The mission of the Clayton County Conservation Board affiliated with the center is: To promote the health and general welfare of the people; and to encourage preservation, conservation, education and recreation through responsible use and appreciation of our natural resources and cultural heritage.

Harkrader grew up in Adel and received her degree in 1998 from Upper Iowa University in conservation management.

Harkrader shares her life with her husband, Rick, and their two children in rural Clayton County.She enjoys working with children and adults and introducing them to the natural world. Her wealth of knowledge and calm demeanor makes learning about the environment an enlightening experience.


Older, Wiser, Livelier, Souls (OWLS) is an educational nature series geared toward retirees. Programming is held on the third Thursday of each month year round

Linda Zalatel, a naturalist from Story County, was the creator of the OWLS program. It was originally called Older, Wiser, Livelier, Seniors. The name has changed slightly throughout the years, but the format has remained the same — to educate retirees about the history of the area and the natural world.

Harkrader told The Press, “The Clayton County OWLS program began in 2008. When the program began our attendance was pretty sparse. In 2010, we decided to try something new and added some more excursions. We visited many of the parks throughout Clayton County, which increased the popularity of the program. We now have to take reservations ahead of time for our field trips, events and speaker programs.” Harkrader went on to say, “Additional interest in the program was also created by freelance writer Jean Marie Hall. She wrote several pieces about our OWLS adventures and shared her writing with several local newspapers.”

OWLS Saunter Program

On the first official warm humid day in May, seniors from all walks of life, a variety of ages, with a nice mix of men and women, gathered together for Harkrader’s Sauntering program.

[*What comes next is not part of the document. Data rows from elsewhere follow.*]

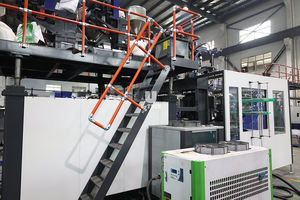 两层10-20l高密度聚乙烯化学瓶挤出吹塑机塑料农药瓶吹塑机在英国 - Product Image 6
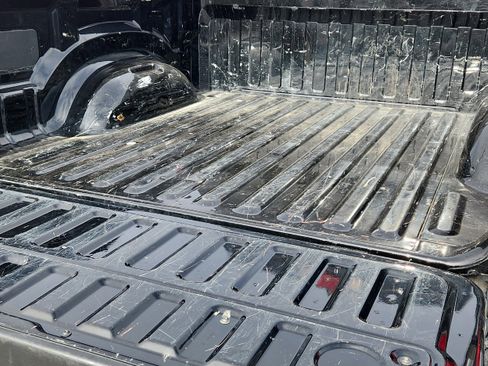 Used 2025 RAM 1500 Big Horn AWD/4WD image 29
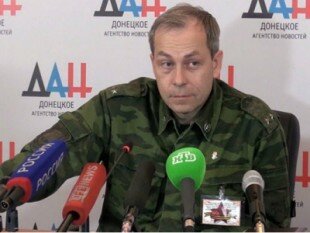 Заместитель главы корпуса ополченцев Эдуард Басурин: ополченцы отводят вооружение в Дебальцево, Горловке, Донецке и Тельманово.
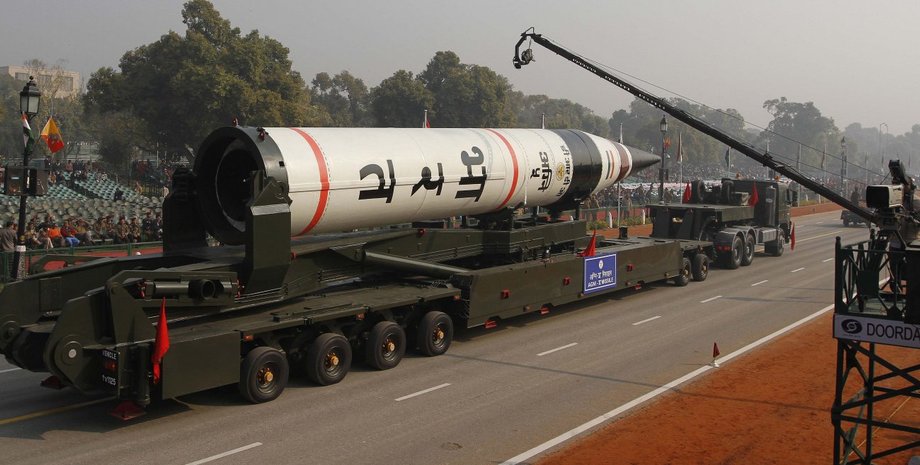 пуски баллистической ракеты Индии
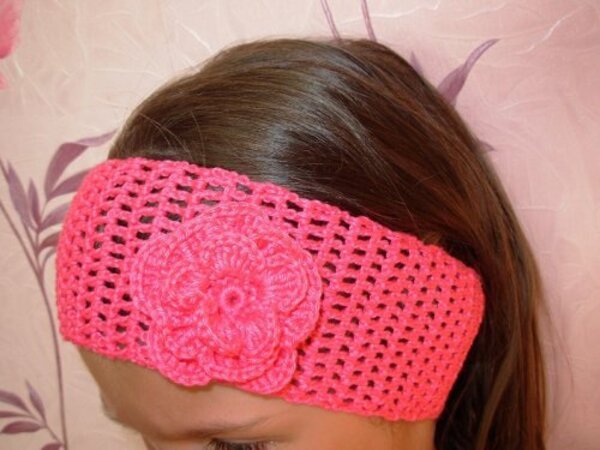 Crochet headband with loin crochet technique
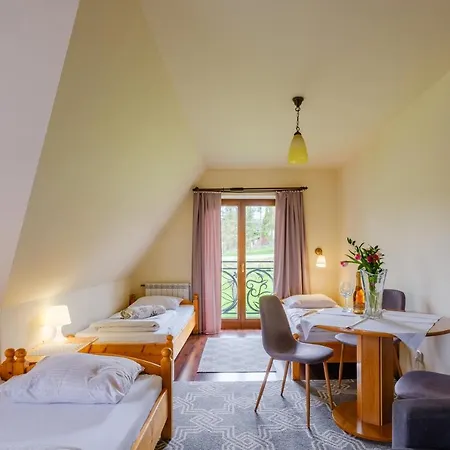 Knieja Bed & Breakfast 3*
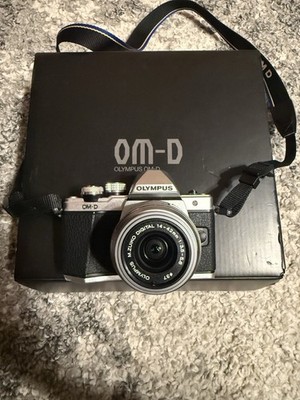 Olympus OM-D E-M10 Mark II Mirrorless Camera with 14-42mm IIR Lens - Silver
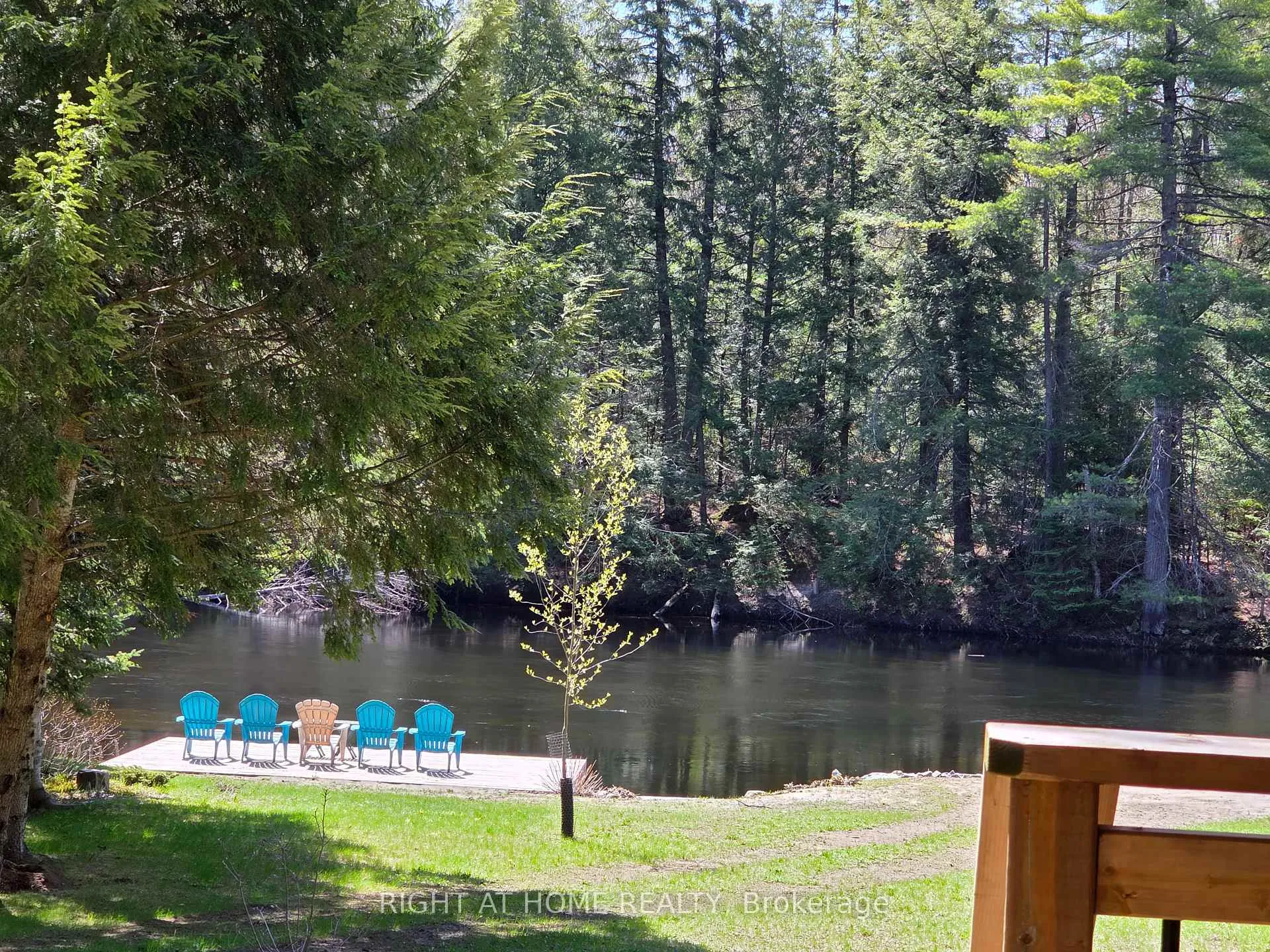 Photo 14 of 1353 Sherwood Forest Road, Bracebridge, Oakley — HOMEH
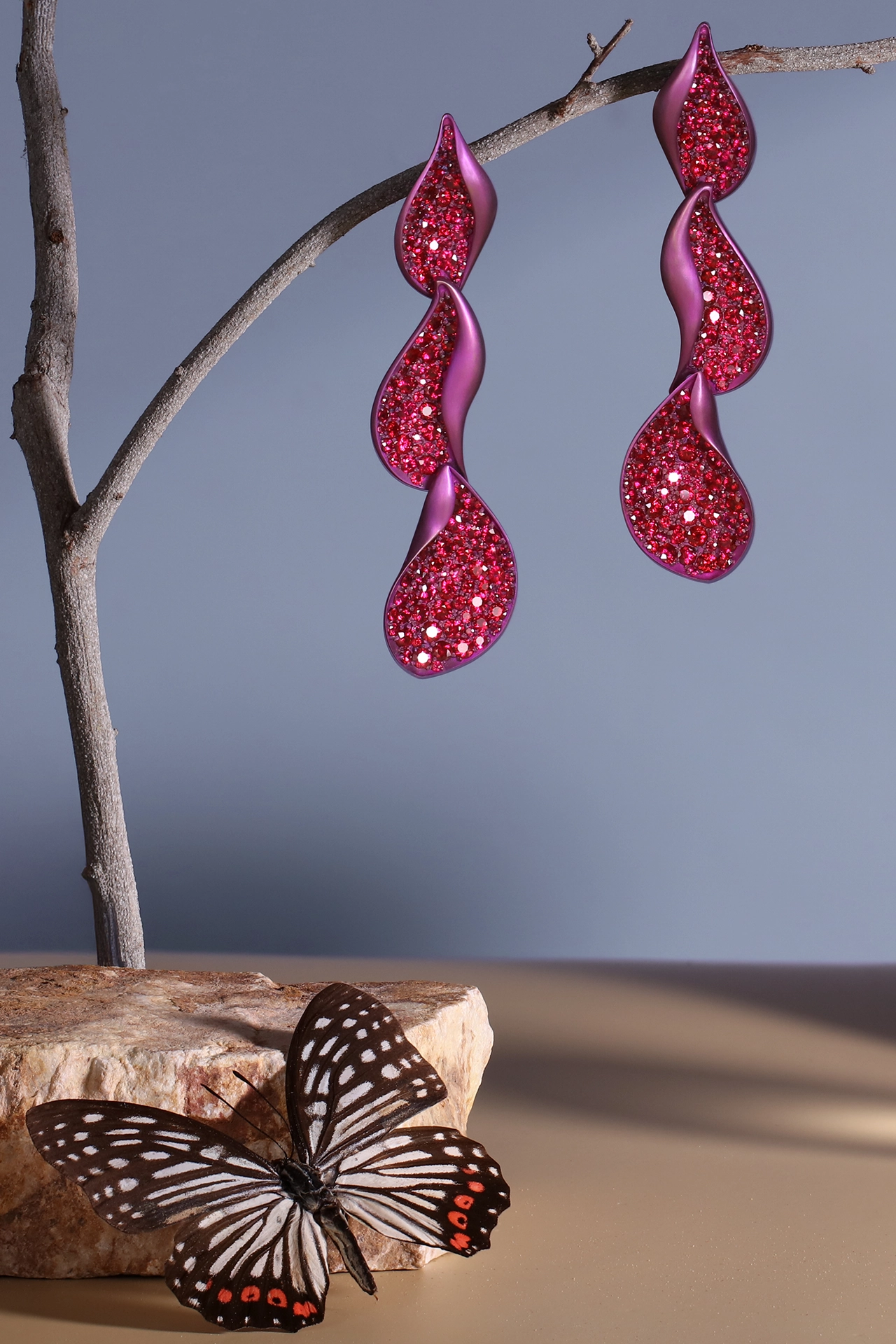 Dalí’s Garden Dinner: A Surreal Evening Unveiled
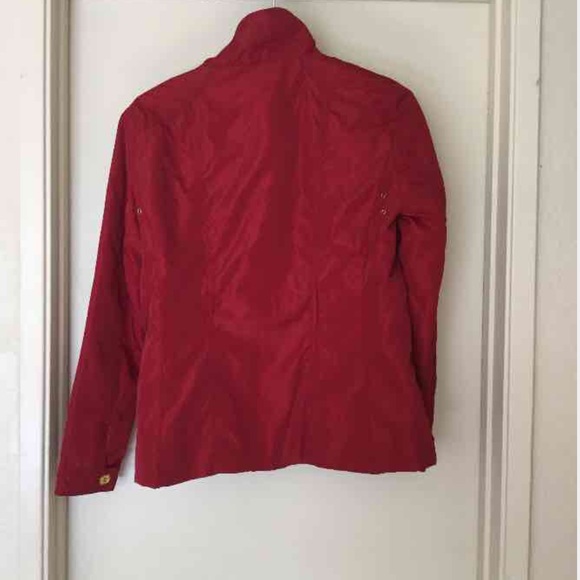 Red jacket - Picture 2 of 3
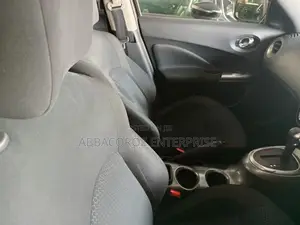 Nissan Juke S AWD 2016 Purple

Armed with a variety of walking sticks — one collapsible, a pair of shared cross country ski poles, a yellow broom handle and a last-minute stick broken off along the side of the trail from a downed branch— the lively seniors set off on a course for inspirational nature investigation.

Harkrader led the group along the trail, stopping at various points of interest to share famous essays and quotes from renowned naturalists Ralph Waldo Emerson and Henry David Thoreau.

The naturalist encouraged the group to “Think outside the box,” and experience nature through the unfiltered eyes of their souls.
Harkrader left all things to the imagination and allowed time for group sharing and reflection.

There were many discoveries made and discussed along the group’s “saunter” through the woods.

One of the participants discovered a “Jack-in-the-Pulpit,” another found a toad along the path, which produced a lively discussion on spring toad mating rituals. A discussion of tree identification, using the leaves and the bark as an identification tool, encouraged a shared discussion on the elusiveness of the famed morel mushroom, and its relationship to the elm tree. There was a sharing of ideas concerning the garlic mustard infestation, and questions arose about responsible farming practices and extinction of endangered species.

The group found an area along the trail that had several discarded turkey feathers. The discussion covered reasons for the loss of the turkey’s feathers.

All along the walk, Harkrader shared her wisdom and knowledge with the group.

As a final analysis of the day I spent with these wise, young-at-heart souls, I will end with a favorite quote shared by poet/writer Jean Marie Hall: I come to my solitary woodland walk as the homesick go home.— Henry David Thoreau.